Scraped caption text data:
══════
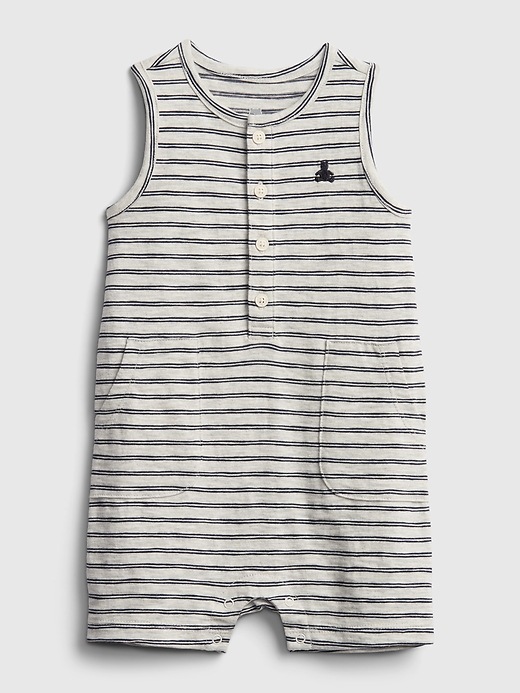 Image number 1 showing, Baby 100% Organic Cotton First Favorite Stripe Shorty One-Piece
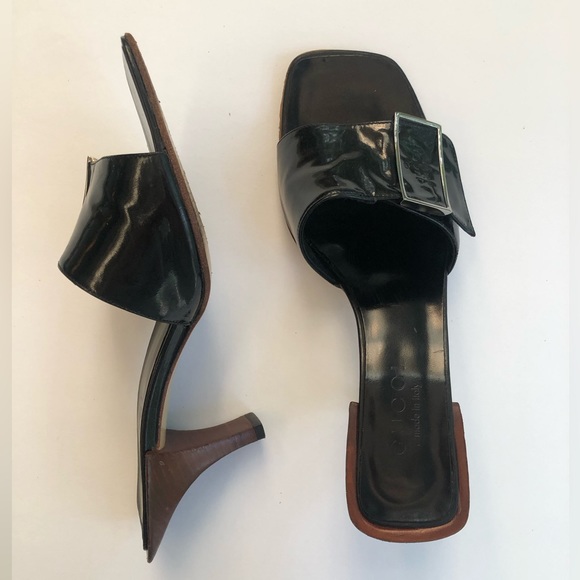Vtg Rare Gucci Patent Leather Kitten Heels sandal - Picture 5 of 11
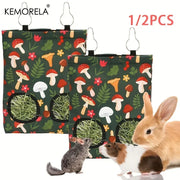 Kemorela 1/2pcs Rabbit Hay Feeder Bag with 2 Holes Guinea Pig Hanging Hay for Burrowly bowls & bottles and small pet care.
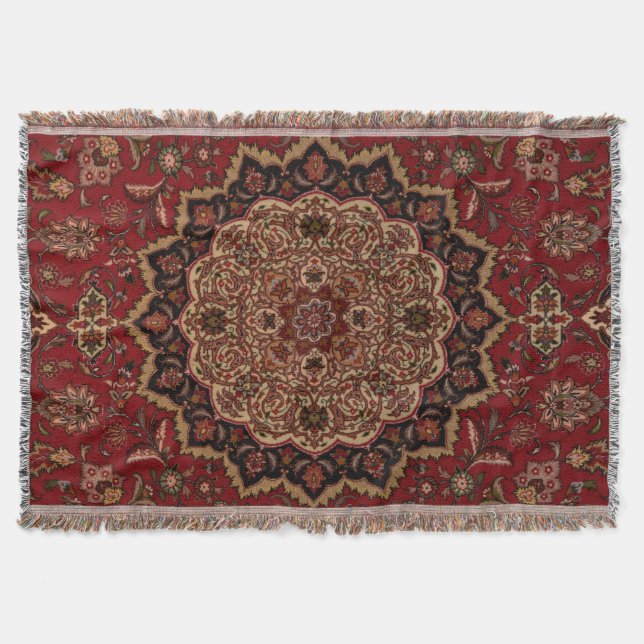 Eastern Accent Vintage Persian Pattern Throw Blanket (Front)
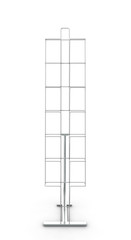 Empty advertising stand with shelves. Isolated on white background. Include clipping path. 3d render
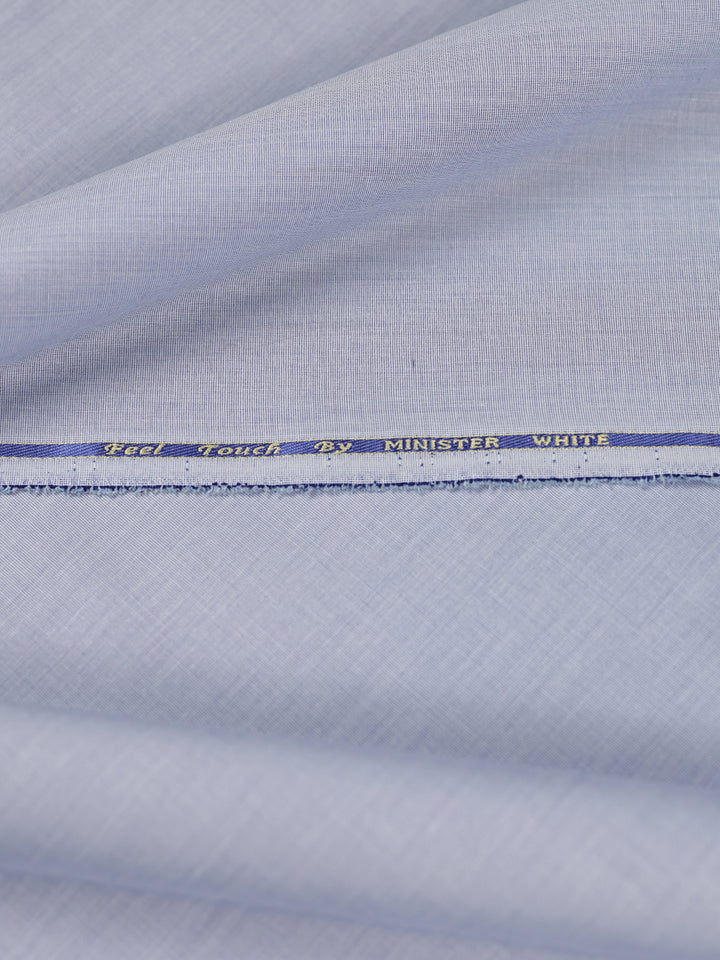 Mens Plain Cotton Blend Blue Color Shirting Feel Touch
══════
EXERCISE DETAILS:
Repeat word for word the lines above, from the first entry through the line containing "Eastern Accent Vintage", with both ends kept and the pictures dropped.

EXERCISE OUTPUT:
 Image number 1 showing, Baby 100% Organic Cotton First Favorite Stripe Shorty One-Piece
Vtg Rare Gucci Patent Leather Kitten Heels sandal - Picture 5 of 11
 Kemorela 1/2pcs Rabbit Hay Feeder Bag with 2 Holes Guinea Pig Hanging Hay for Burrowly bowls & bottles and small pet care.
 Eastern Accent Vintage Persian Pattern Throw Blanket (Front)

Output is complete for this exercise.